Trade liberalisation under EPAs has potential advantages and downsides though it is the EU with more competitive industries that is, in the end, likely to benefit most from a reciprocal trade arrangement. An impact assessment carried out by the IMF estimated that Kenya could 65 percent of industry and a further 8 percent of government revenue under the proposed EPAs.
On its part, the European Commission’s own Sustainability Impact Assessment has projected greater loss to Kenya.
The assessment projected Kenya could lose 82 percent of total customs revenue under a reciprocal EPA with the EU that would translate into a 12 percent loss of government revenue.
A potentially sensitive area in the ongoing negotiations is tariff binding which is expected to cap further increases in tariffs above the agreed bound levels.
Kenya and other ACP countries could effectively lose their future flexibility to use tariff policy as a means of encouraging investment, production and protection of industries from EU competitors in order to enable industries mature and grow into value-added production.
This flexibility was used by the Kenya government in the early 1990’s to protect and revive the dairy industry from EU imports of powdered milk through a raise in tariffs from 35 to 60 percent. This sector now employs around 625,000 people directly and indirectly supports 3 million people. In practice governments can still protect local industries using other policy interventions, but the flexibility to raise tariffs can be an important tool in stimulating industrial development.

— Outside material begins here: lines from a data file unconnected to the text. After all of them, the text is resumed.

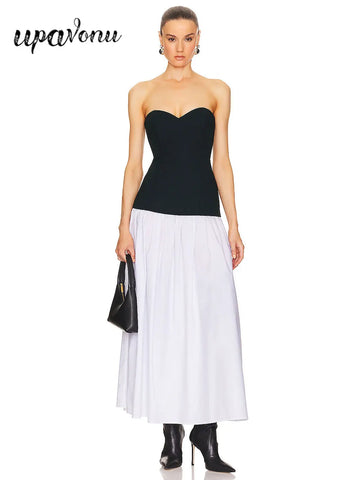 2024 Sexy Women'S Patchwork Long Dress Strapless Sleeveless A-Line Backless Pleated Dress Cocktail Evening Club Party Vestitos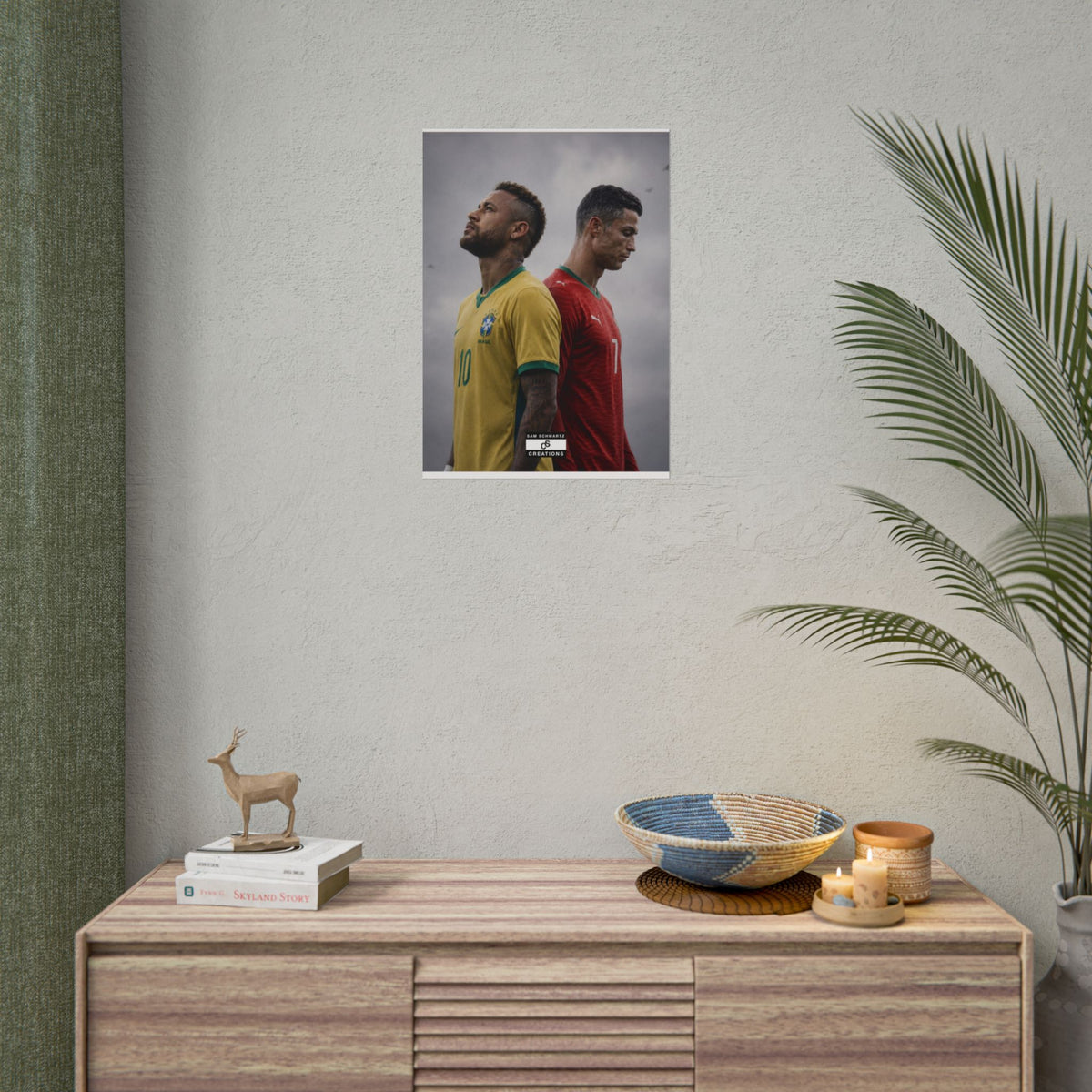 Two Nations Poster | Neymar and Cristiano Ronaldo Football Wall Art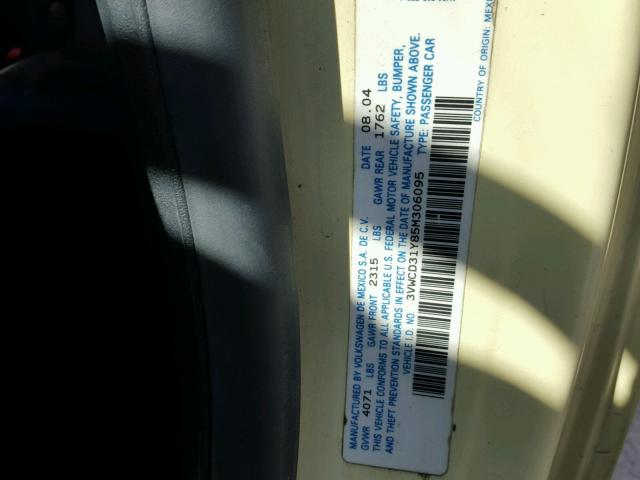 3VWCD31Y85M306095 - 2005 VOLKSWAGEN NEW BEETLE 黄色 照片 10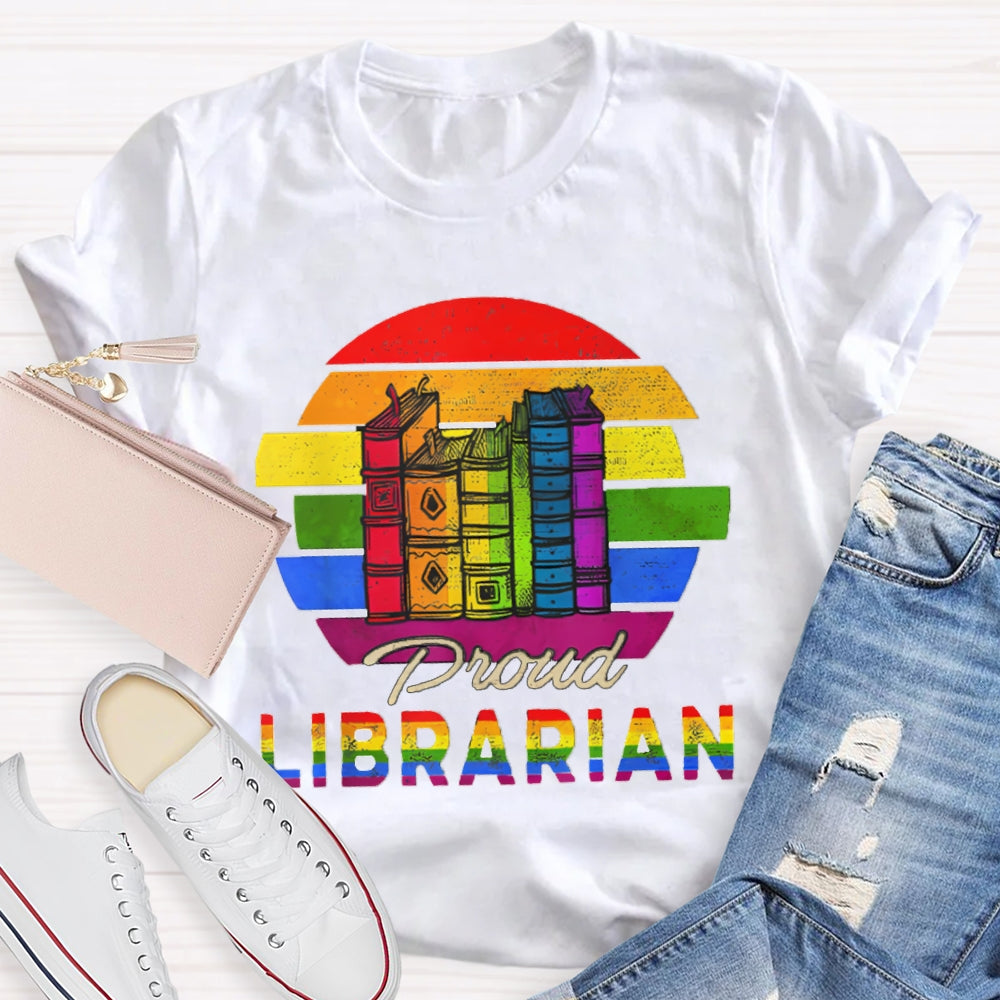Colorful Gradient Letters Librarian T-shirt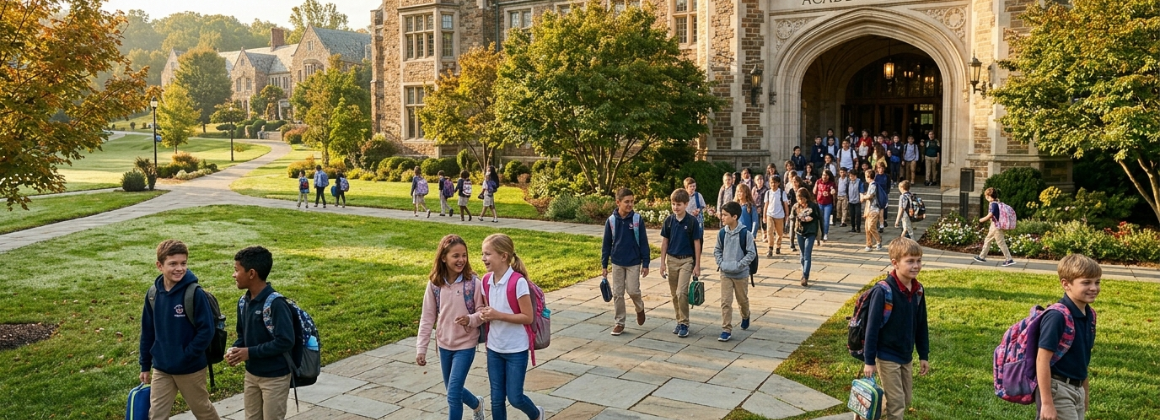 Students entering the SRCS campus in the morning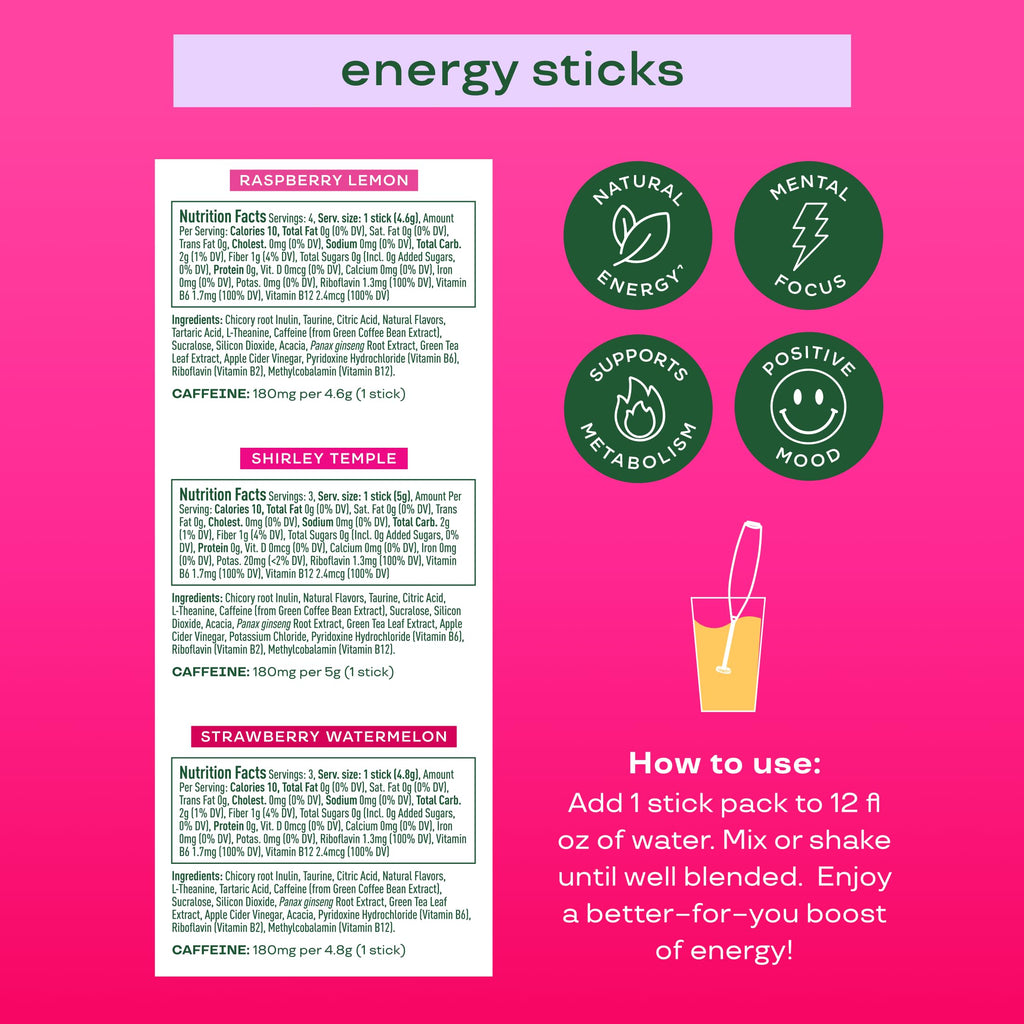 Bloom Nutrition Energy Drink Powder Packets, Sugar Free Energy Drink Mix with L-Theanine, B Vitamins & Natural Caffeine, On the Go Powder Sticks for Natural Energy, 10 Calories (10 Pouches (Pack of 1), Variety Pack)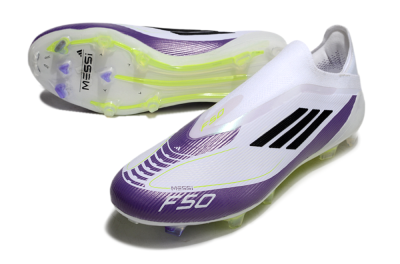 Messi x Adidas F50 Elite Laceless FG Firm Ground Soccer Cleats - White/Black/Purple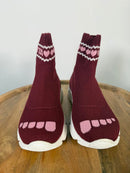 VIVETTA Knit Sock Boots Burgundy Pink Heart EU 35 US 5 Made in Italy NWB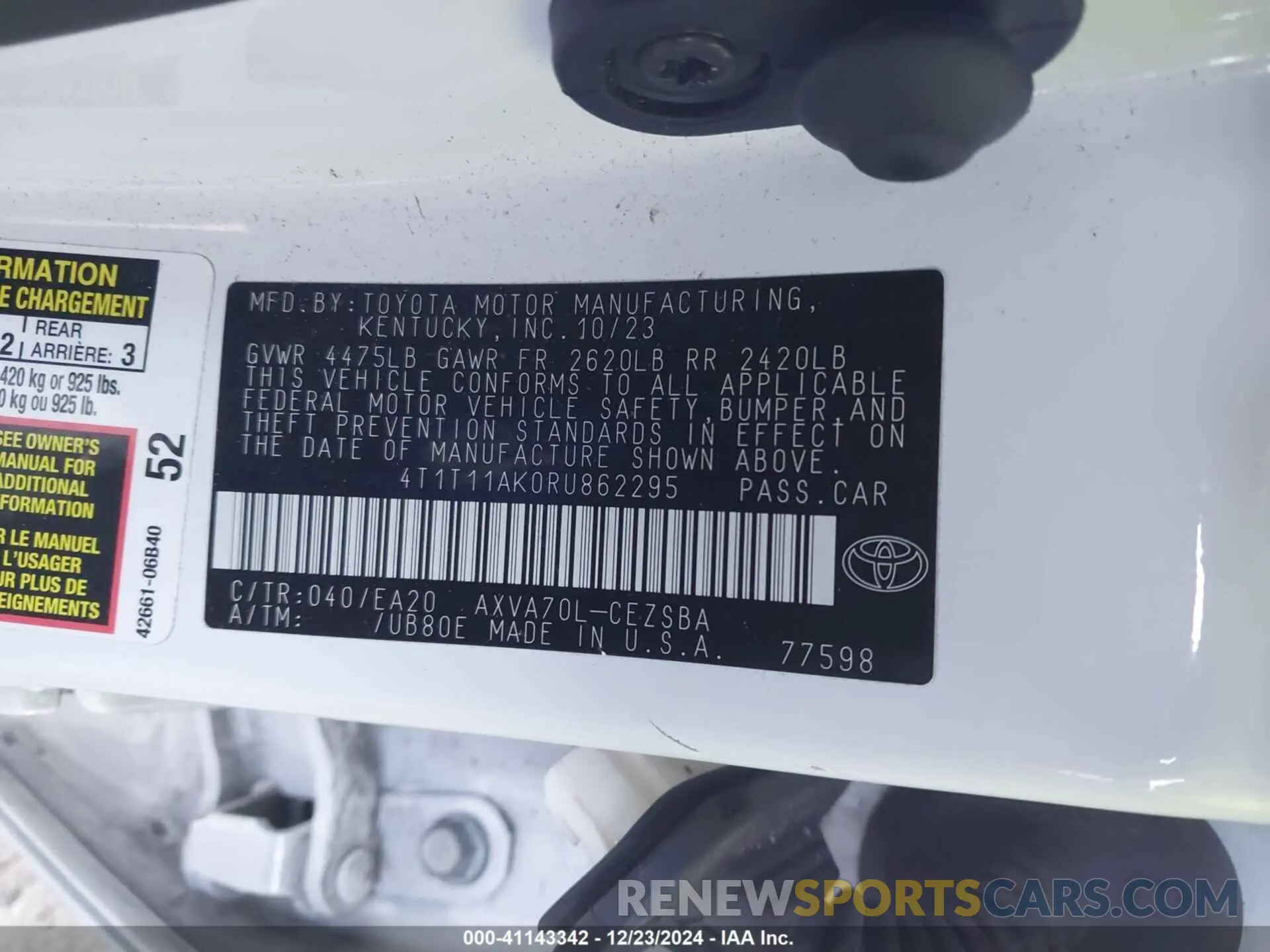 9 fotografías del automóvil dañado 4T1T11AK0RU862295 TOYOTA CAMRY 2024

Since it is anticipated that ACP countries will be able to exclude about 20 percent of their trade with the EU from tariff liberalisation under the EPA, it is possible to protect the most sensitive or strategic sectors. However, Kenyan negotiators are unhappy with this and favour a more ambitious 40-60 per cent threshold - given the country’s desire to protect both agriculture and manufacturing. However, this is likely to be opposed by the EU.
Regardless of the final protection threshold offered within the EPA, future policy intervention outside protected sectors will be severely constrained Kenya and ACP countries must consider other options to the thorny problem of retaining export preferences with the EU.
Mr Ndirangu is a lawyer and policy analyst.